## Problem to work on
With the pictures excluded, retype the records that follow exactly.

## The records
_ _ _ _ _
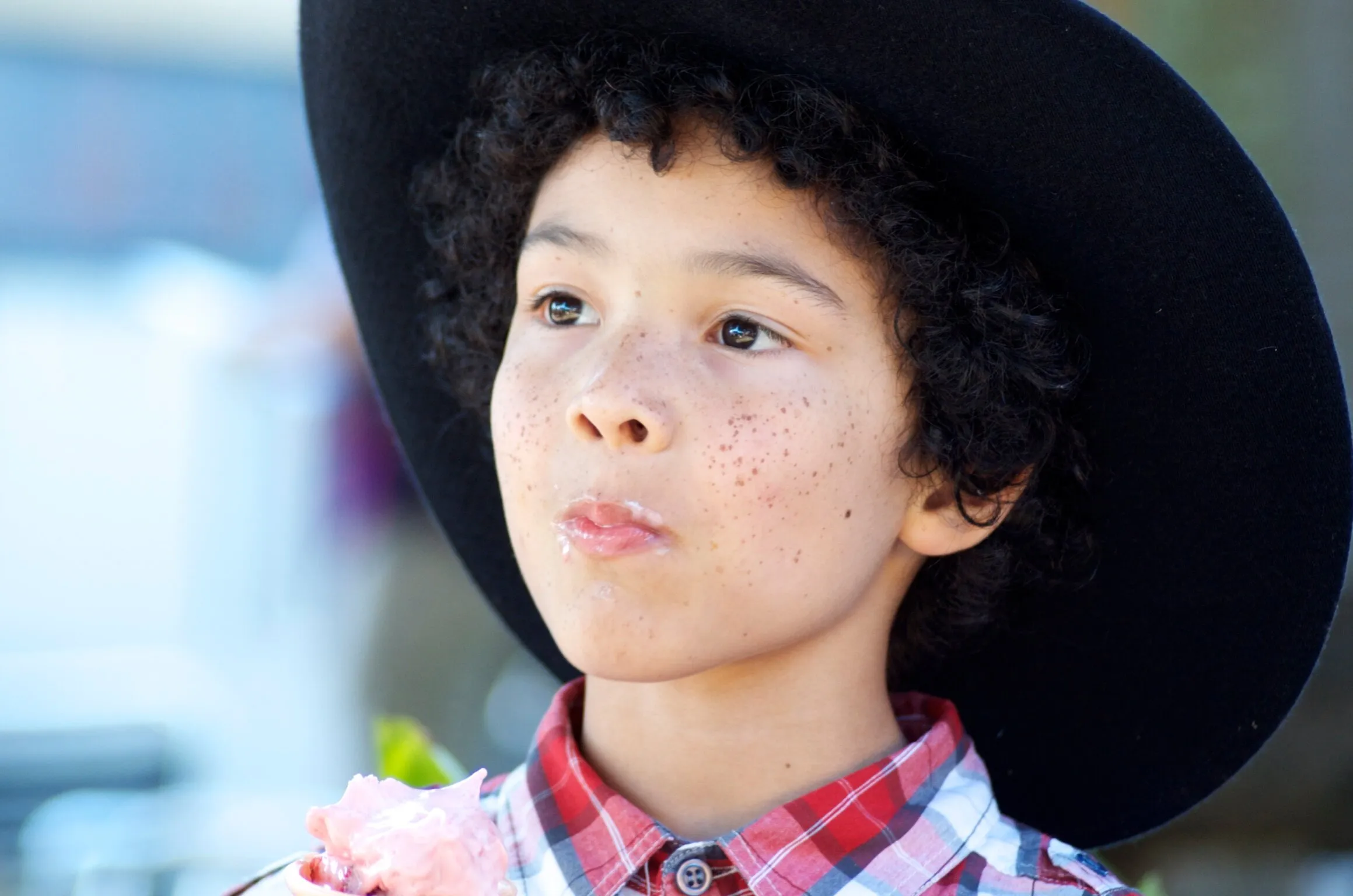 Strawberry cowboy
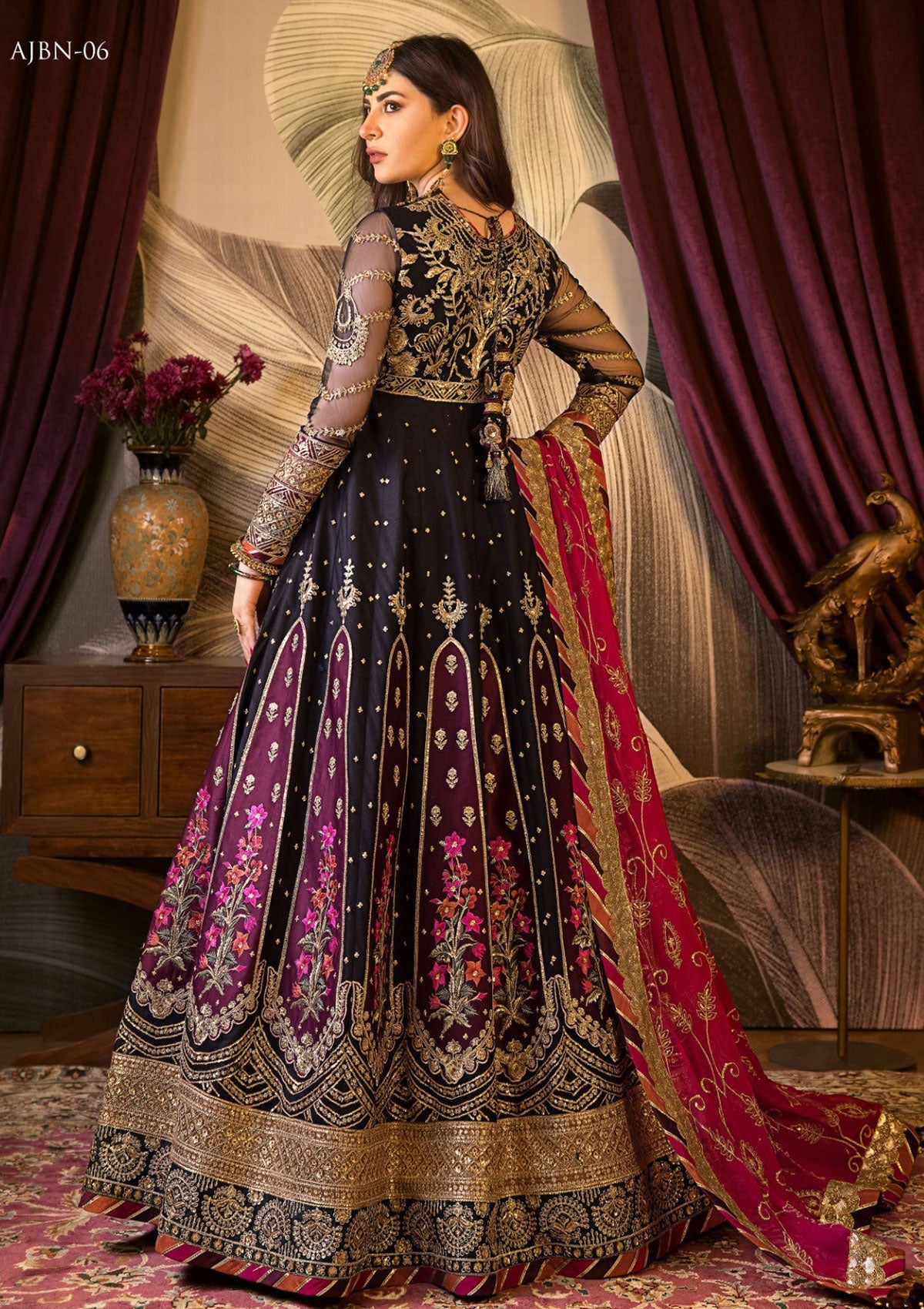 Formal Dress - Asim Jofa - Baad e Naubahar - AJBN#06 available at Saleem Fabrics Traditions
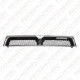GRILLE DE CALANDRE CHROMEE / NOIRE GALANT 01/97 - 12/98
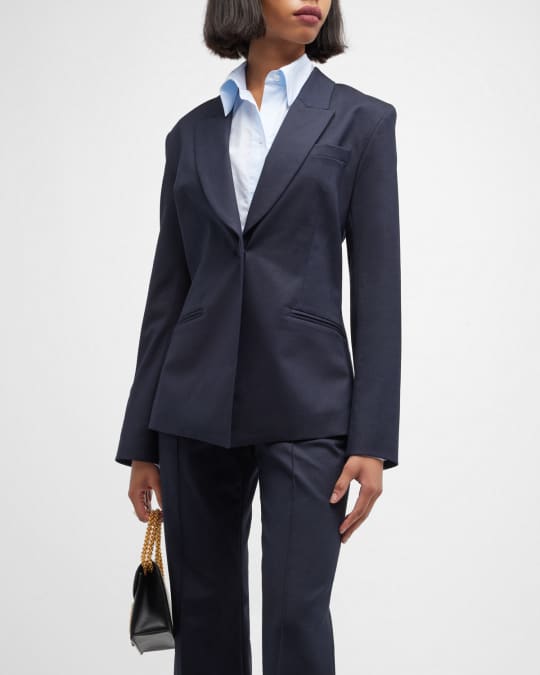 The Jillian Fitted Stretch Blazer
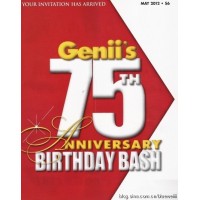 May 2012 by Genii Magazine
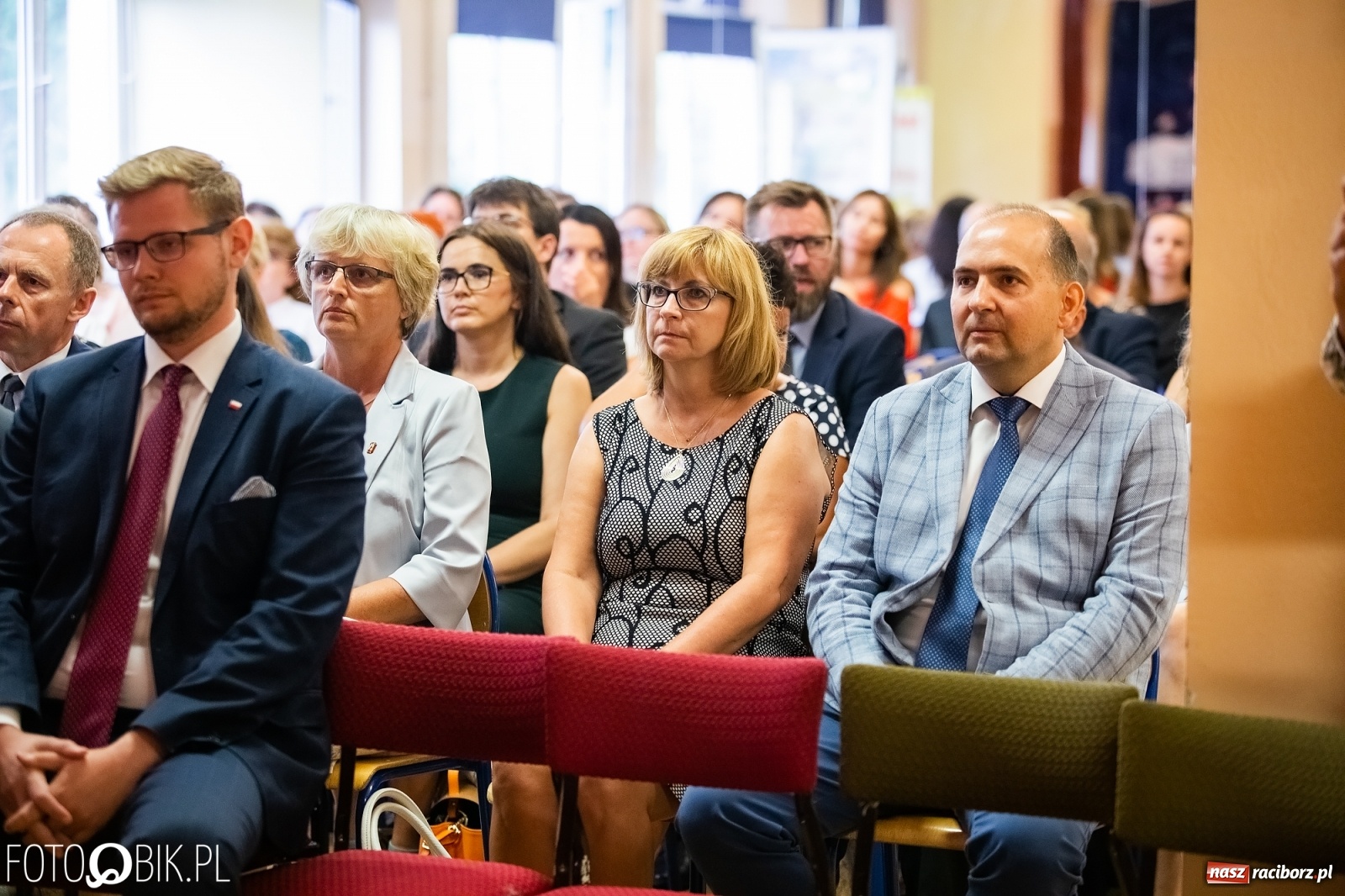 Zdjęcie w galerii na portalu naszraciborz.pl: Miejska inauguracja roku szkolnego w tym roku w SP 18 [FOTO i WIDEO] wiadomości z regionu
_ _ _ _ _
## Answer box
 Strawberry cowboy
 Formal Dress - Asim Jofa - Baad e Naubahar - AJBN#06 available at Saleem Fabrics Traditions
GRILLE DE CALANDRE CHROMEE / NOIRE GALANT 01/97 - 12/98
 The Jillian Fitted Stretch Blazer
 May 2012 by Genii Magazine
 Zdjęcie w galerii na portalu naszraciborz.pl: Miejska inauguracja roku szkolnego w tym roku w SP 18 [FOTO i WIDEO] wiadomości z regionu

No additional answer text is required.